**Description of the task**
Make an exact copy of all the records that follow, apart from the pictures.

**Supplied entries**
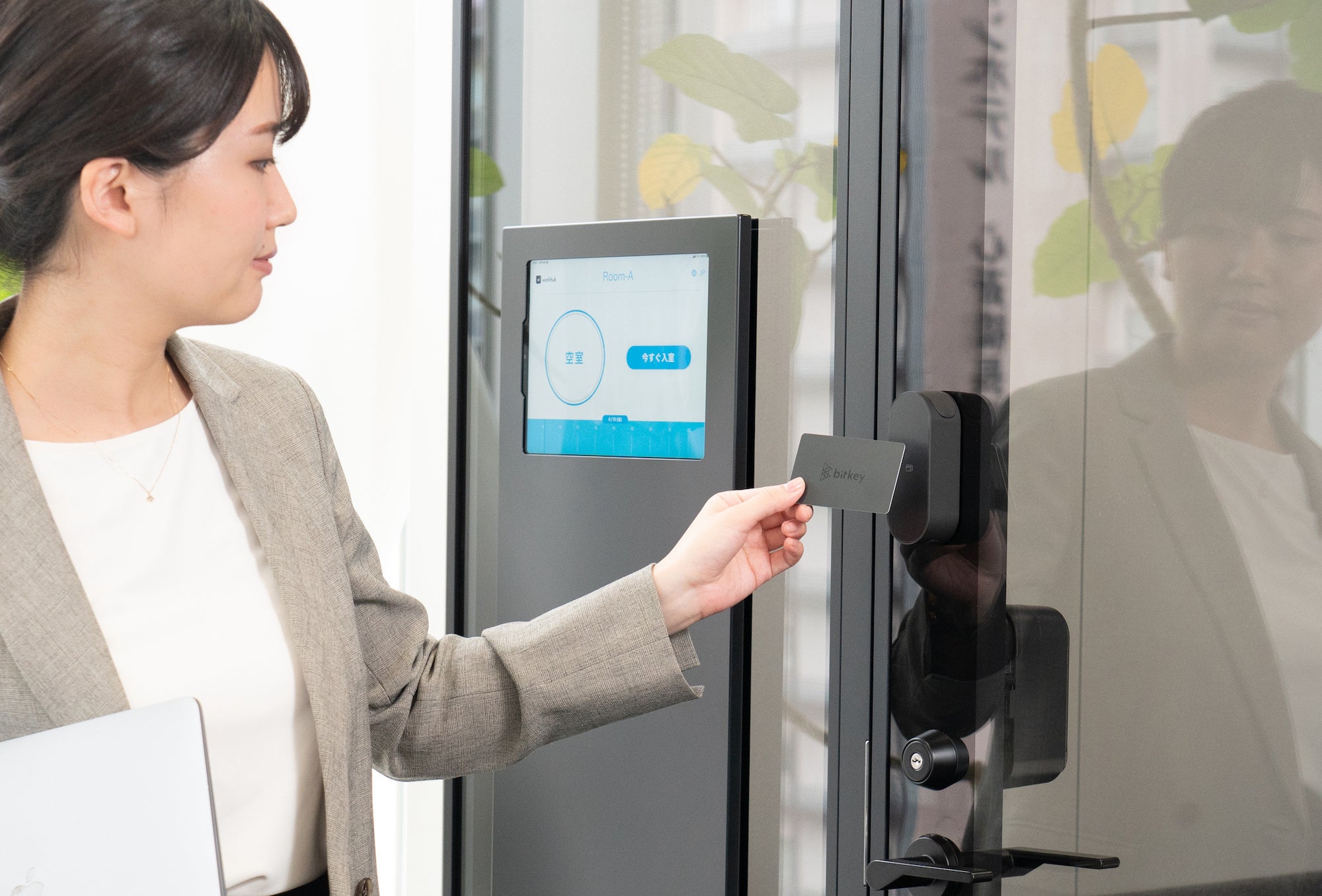 ICカードでカギを解錠する様子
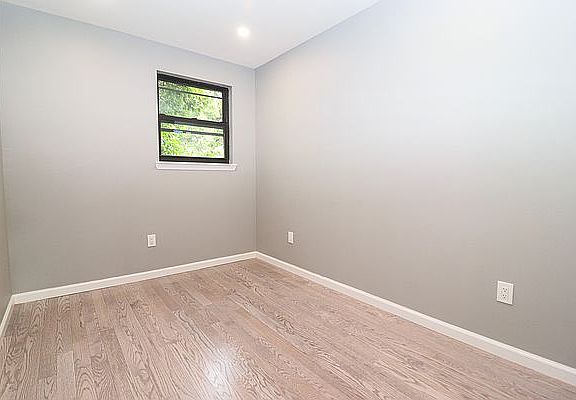 5th image of 50-14 43rd St #2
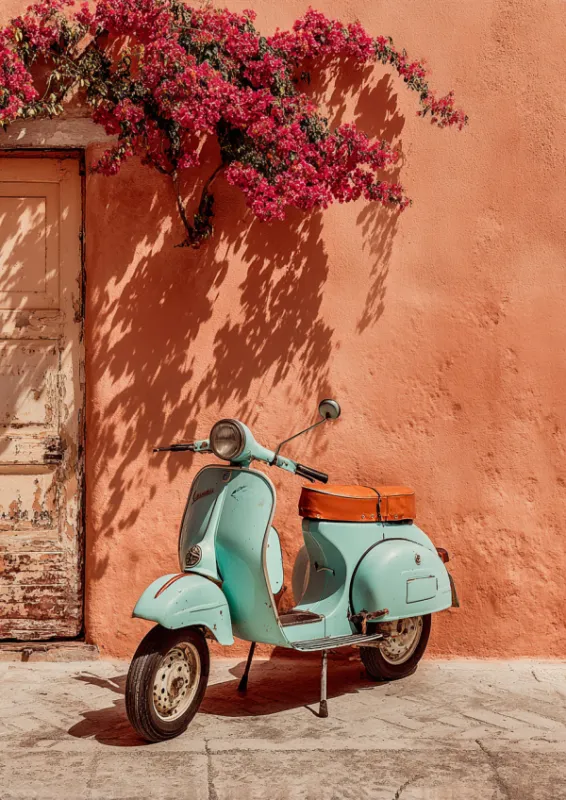 Mintgroene vintage scooter met bruin leren zadel geparkeerd tegen een zonverwarmde terracotta roze pleistermuur met neervallende magenta bougainvillebloemen en een rustieke verweerde houten deur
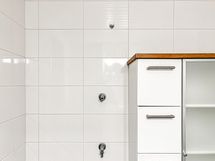 Kylpyhuoneessa on paikka pyykinpesukoneelle.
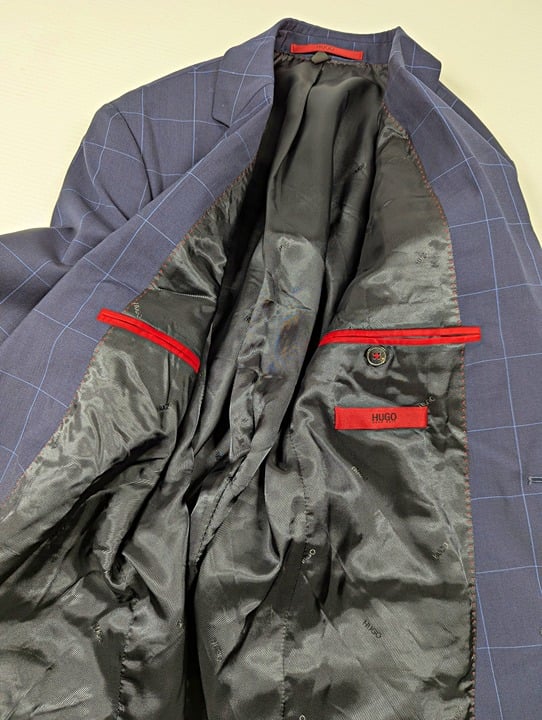Hugo Boss Men's Dark Navy Windowpane Suit Jacket Size 34R (MSRP $445)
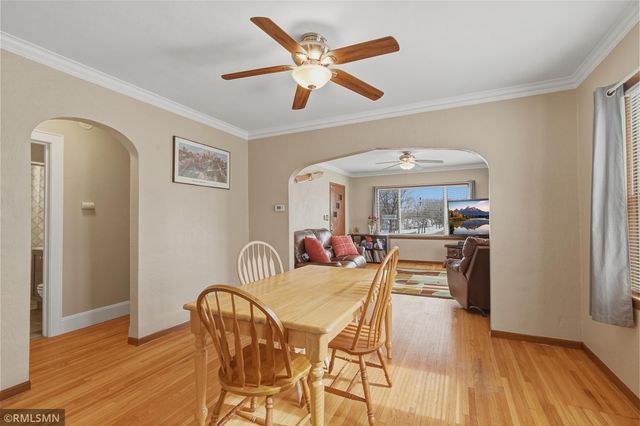 1067 Robert Street S, West Saint Paul, MN 55118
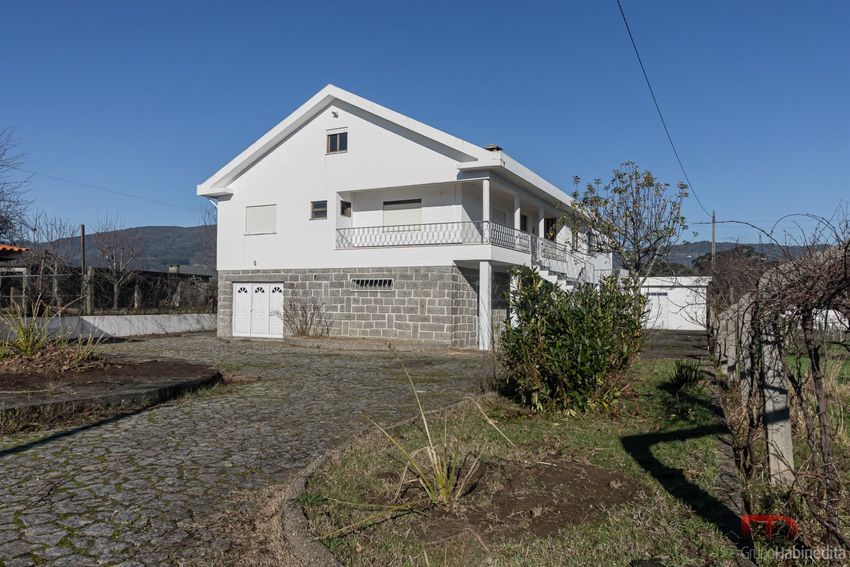 小楼房或独栋别墅出售在 Arca e Ponte de Lima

**Solved exercise**
 ICカードでカギを解錠する様子
 5th image of 50-14 43rd St #2
 Mintgroene vintage scooter met bruin leren zadel geparkeerd tegen een zonverwarmde terracotta roze pleistermuur met neervallende magenta bougainvillebloemen en een rustieke verweerde houten deur
 Kylpyhuoneessa on paikka pyykinpesukoneelle.
Hugo Boss Men's Dark Navy Windowpane Suit Jacket Size 34R (MSRP $445)
 1067 Robert Street S, West Saint Paul, MN 55118
 小楼房或独栋别墅出售在 Arca e Ponte de Lima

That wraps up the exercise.